Rutgers rugby team perseveres despite hardships


Football may be dominating the interest of sports lovers at Rutgers for the time being, but it originated from a sport growing here at the University called rugby.

Rugby is a constant contact sport without time-outs or breaks for 80 minutes, separated into 40-minute halves, said team president Brian Cunningham. Only injuries and penalties can stop the game.

Cunningham, a School of Arts and Sciences junior, said the team originated 45 years ago and began playing ball in the grass on Cook/Douglass campus.

Rugby has since grown into a competitive collegiate sport, said Sal Fogarino, the team’s captain. The team plays on the turf fields on Busch Campus and at many universities across the country.

Rutgers plays in the Empire Conference, which consists of schools such as Syracuse University, University of Buffalo, Binghamton and Stony Brook University.

“We practice two days a week, we have one day of lifting and one day of conditioning. Then we usually have games on weekends where we travel and sometimes are gone for the whole weekend,” Cunningham said.

The team is divided up into a Division I squad, with A and B sides, and a Division III squad for developing and learning the game. The team consists of a total of 60 players, but only 22 dress at matches and only 15 players are on the field at a time, Cunningham said.

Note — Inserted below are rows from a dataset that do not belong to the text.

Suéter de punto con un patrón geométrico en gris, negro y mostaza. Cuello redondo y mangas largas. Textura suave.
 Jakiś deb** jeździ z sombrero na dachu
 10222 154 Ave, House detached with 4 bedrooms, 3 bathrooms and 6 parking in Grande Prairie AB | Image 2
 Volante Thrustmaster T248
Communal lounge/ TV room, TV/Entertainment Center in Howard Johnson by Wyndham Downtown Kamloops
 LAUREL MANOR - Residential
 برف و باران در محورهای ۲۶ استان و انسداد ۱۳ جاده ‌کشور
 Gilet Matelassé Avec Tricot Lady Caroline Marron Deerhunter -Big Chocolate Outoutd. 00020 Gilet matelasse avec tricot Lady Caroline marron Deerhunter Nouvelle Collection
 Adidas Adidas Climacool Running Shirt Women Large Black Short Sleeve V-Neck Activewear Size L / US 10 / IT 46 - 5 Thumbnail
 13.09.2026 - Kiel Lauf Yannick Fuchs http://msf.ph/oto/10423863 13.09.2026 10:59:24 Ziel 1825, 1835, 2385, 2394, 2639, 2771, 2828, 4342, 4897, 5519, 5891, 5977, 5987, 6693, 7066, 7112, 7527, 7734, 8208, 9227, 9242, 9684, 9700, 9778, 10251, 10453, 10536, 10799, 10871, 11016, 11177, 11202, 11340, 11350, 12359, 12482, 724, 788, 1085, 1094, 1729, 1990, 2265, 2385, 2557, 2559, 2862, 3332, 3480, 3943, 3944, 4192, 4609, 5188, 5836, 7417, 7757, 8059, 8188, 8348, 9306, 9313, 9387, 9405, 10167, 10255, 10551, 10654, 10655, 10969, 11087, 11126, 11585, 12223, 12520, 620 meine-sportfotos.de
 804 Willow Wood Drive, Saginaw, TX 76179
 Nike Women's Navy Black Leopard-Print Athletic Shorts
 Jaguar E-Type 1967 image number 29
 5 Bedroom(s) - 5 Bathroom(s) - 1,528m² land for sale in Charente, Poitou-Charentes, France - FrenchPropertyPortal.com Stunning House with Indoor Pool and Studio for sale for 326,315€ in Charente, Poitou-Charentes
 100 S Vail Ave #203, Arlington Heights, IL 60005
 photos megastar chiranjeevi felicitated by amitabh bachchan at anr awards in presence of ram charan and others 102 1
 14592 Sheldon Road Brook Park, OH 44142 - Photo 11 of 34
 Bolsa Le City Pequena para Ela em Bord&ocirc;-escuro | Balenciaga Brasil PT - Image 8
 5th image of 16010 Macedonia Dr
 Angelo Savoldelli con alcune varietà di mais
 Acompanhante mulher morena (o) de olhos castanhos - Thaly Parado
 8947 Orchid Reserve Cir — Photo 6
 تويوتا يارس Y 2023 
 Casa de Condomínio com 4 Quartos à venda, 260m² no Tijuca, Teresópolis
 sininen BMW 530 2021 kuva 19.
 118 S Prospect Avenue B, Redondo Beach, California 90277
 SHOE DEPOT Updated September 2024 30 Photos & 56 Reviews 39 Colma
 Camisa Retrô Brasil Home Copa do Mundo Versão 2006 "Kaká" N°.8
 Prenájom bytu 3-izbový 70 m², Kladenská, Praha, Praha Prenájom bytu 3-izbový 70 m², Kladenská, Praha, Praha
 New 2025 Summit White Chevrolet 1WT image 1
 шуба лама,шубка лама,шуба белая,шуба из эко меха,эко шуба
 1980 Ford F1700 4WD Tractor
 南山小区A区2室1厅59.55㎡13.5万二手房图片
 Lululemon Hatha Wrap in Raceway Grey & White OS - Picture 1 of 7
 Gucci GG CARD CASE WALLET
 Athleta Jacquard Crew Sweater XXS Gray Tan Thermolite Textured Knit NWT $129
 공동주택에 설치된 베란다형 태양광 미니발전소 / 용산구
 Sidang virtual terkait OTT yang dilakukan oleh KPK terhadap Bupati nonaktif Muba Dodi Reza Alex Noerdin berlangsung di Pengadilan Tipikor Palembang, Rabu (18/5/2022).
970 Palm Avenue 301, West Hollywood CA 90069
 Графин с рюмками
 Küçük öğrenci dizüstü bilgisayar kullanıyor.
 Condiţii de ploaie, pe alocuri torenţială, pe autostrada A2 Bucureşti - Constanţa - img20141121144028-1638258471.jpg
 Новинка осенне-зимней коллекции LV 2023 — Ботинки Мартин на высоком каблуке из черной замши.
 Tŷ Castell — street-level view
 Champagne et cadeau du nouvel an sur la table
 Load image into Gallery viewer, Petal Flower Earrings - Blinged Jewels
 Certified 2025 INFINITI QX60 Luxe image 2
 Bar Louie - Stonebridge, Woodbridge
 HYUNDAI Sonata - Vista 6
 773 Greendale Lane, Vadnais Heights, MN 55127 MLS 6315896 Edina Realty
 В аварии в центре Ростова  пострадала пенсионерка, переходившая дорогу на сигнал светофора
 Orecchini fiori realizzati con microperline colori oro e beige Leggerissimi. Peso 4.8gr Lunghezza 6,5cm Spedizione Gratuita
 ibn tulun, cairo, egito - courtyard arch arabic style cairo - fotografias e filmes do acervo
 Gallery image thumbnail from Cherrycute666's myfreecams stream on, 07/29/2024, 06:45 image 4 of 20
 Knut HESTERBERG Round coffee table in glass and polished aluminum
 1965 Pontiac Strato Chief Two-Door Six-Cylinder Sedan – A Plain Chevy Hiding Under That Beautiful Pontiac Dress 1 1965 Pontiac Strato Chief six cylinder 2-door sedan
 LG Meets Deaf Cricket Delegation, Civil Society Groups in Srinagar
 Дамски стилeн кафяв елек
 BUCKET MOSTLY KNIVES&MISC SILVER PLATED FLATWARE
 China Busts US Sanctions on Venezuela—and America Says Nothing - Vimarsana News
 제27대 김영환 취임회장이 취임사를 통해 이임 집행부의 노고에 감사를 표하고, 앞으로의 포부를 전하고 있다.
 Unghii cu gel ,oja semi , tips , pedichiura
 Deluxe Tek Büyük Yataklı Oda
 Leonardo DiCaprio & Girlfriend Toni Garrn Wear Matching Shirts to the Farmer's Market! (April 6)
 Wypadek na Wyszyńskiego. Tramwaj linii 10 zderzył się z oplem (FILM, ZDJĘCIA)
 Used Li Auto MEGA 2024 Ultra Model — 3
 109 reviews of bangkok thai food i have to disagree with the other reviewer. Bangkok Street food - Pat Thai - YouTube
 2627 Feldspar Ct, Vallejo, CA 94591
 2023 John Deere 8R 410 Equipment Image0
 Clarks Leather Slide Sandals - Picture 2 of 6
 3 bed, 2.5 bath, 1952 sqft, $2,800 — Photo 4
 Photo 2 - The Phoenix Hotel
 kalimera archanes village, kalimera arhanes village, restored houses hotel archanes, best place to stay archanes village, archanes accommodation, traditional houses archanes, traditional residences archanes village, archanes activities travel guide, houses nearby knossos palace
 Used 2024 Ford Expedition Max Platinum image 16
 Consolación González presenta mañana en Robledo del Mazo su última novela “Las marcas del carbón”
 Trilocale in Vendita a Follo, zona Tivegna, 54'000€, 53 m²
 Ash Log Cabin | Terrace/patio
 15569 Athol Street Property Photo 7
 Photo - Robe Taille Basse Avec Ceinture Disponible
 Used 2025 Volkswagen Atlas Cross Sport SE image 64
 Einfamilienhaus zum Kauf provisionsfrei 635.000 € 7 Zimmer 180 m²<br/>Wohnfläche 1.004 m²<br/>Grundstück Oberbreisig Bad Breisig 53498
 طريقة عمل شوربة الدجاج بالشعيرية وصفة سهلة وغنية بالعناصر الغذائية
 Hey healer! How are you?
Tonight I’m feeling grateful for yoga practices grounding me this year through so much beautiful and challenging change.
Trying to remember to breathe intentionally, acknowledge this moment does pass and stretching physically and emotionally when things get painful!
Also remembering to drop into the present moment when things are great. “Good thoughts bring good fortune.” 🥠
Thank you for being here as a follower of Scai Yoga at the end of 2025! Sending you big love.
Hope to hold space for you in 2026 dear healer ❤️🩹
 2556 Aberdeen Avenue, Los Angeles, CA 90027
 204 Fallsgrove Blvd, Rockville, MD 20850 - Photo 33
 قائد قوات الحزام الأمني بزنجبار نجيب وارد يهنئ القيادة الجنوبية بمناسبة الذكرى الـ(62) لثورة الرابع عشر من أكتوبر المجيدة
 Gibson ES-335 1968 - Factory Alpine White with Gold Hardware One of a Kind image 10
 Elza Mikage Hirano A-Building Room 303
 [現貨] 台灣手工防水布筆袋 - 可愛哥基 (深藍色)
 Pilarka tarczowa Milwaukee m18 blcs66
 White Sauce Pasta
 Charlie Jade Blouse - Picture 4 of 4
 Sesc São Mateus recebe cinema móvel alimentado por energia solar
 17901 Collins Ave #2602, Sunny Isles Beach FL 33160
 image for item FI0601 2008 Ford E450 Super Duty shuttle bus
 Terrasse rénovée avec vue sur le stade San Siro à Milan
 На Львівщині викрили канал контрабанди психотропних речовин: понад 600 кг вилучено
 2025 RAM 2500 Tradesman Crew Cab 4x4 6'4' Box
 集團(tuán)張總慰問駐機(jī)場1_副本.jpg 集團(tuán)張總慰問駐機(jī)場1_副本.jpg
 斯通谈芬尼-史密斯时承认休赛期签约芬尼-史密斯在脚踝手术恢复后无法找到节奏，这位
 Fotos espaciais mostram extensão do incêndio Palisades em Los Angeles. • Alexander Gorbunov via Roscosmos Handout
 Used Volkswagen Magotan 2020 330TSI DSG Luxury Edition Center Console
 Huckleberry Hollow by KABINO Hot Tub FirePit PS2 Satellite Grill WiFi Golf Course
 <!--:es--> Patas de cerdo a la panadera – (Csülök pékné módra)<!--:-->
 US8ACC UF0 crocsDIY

“The level we play at and the teams we play against [are] considered varsity level,” Cunningham said.

Fogarino, a School of Environmental and Biological Sciences senior, said the team determines who can dress by who is most qualified for each position and who can get up the quickest after the opposition knocks them down.

“It’s a game of possession. When you get tackled, you need to fall so that you can give the ball to someone on your team and keep possession,” Fogarino said.

The ball moves laterally in rugby, and the objective is like any other sport — to score a goal, Cunningham said.

To score a goal, or “try,” one must run into the other team’s try zone and touch the ball to the ground, Fogarino said.

Fogarino said one of the best parts of playing is scoring a try.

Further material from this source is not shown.